Any form of caching / reusing data while generating a synthetic dataset?

NiklasClausius commented 5 months ago

[x] I checked the documentation and related resources and couldn't find an answer to my question.

Hi, I'm currently getting into evaluation of my RAG-system but had a problem when following the Get started guide for Generation of a synthetic dataset.

Your Question Is there a way to save steps across generation of a synthetic dataset? I have a fairly large dataset to load (I pickled the docs for later use which saves quite some time) and I'm using a local embedding model on machine with just a CPU resulting in a long time building the embeddings during the Testset Generation. Now i had an exception thrown because of exceeding the API-limit in the generation phase resulting in a loss of all data i guess. Is there a way to persists the state after building the embeddings?
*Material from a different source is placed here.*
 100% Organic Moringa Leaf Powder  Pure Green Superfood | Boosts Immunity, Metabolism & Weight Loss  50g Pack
It seems like at this point there have already been a lot of calls to the generator LLM as well. From the "getting-started" and Core concept docs i do not really understand if there is a way to achieve a persistent state.

It would be great if i can just restart the generation part again for the next try. Does Ragas have a functionality for that? I hope i was able to explain my problem.
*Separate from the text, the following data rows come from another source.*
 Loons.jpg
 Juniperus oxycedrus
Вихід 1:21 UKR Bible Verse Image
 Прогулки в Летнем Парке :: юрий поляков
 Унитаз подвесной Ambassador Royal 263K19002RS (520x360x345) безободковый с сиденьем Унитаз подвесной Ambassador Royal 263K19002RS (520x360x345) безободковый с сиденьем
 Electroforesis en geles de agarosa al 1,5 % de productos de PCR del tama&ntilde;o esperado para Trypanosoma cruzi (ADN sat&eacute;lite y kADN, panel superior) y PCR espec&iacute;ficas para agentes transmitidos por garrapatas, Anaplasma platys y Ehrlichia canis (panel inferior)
I'm really thankful for any help :)

dosubot[bot] commented 5 months ago

Hey @NiklasClausius! 👋 I'm here to help you with any bugs or questions you have while waiting for a human maintainer.

Yes, there is a way to save steps across the generation of a synthetic dataset in Ragas to avoid losing progress, especially after building embeddings, and to restart the generation part if an exception occurs. The save method in the TestDataset class allows you to save the state of the document store and evolutions to a specified path. This can be used to save progress and reload it if an exception occurs.
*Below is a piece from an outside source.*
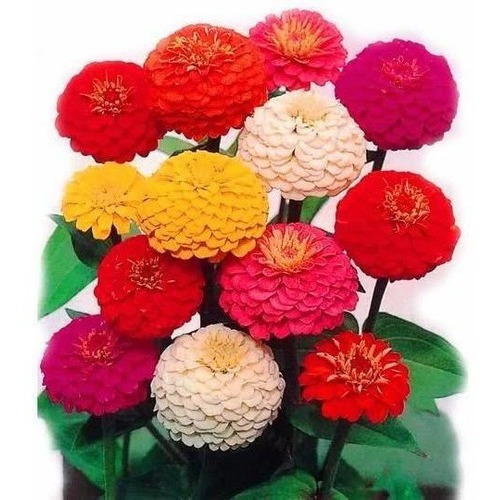 Sementes De Zinnia Dobrada Dahliaflora Sortida Vasos Jardins | Parcelamento  sem juros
Here is the relevant code snippet:

def save(
    self, evolutions: t.List[Evolution], cache_dir: t.Optional[str] = None
) -> None:
    """
    Save the docstore prompts to a path.
    """
    assert isinstance(
        self.docstore, InMemoryDocumentStore
    ), "Must be an instance of in-memory docstore"
    assert self.docstore.extractor is not None, "Extractor is not set"

    self.docstore.extractor.save(cache_dir)
    for evolution in evolutions:
        assert evolution.node_filter is not None, "NodeFilter is not set"
        assert evolution.question_filter is not None, "QuestionFilter is not set"
        if isinstance(evolution, ComplexEvolution):
            assert (
                evolution.evolution_filter is not None
            ), "EvolutionFilter is not set"
        evolution.save(cache_dir=cache_dir)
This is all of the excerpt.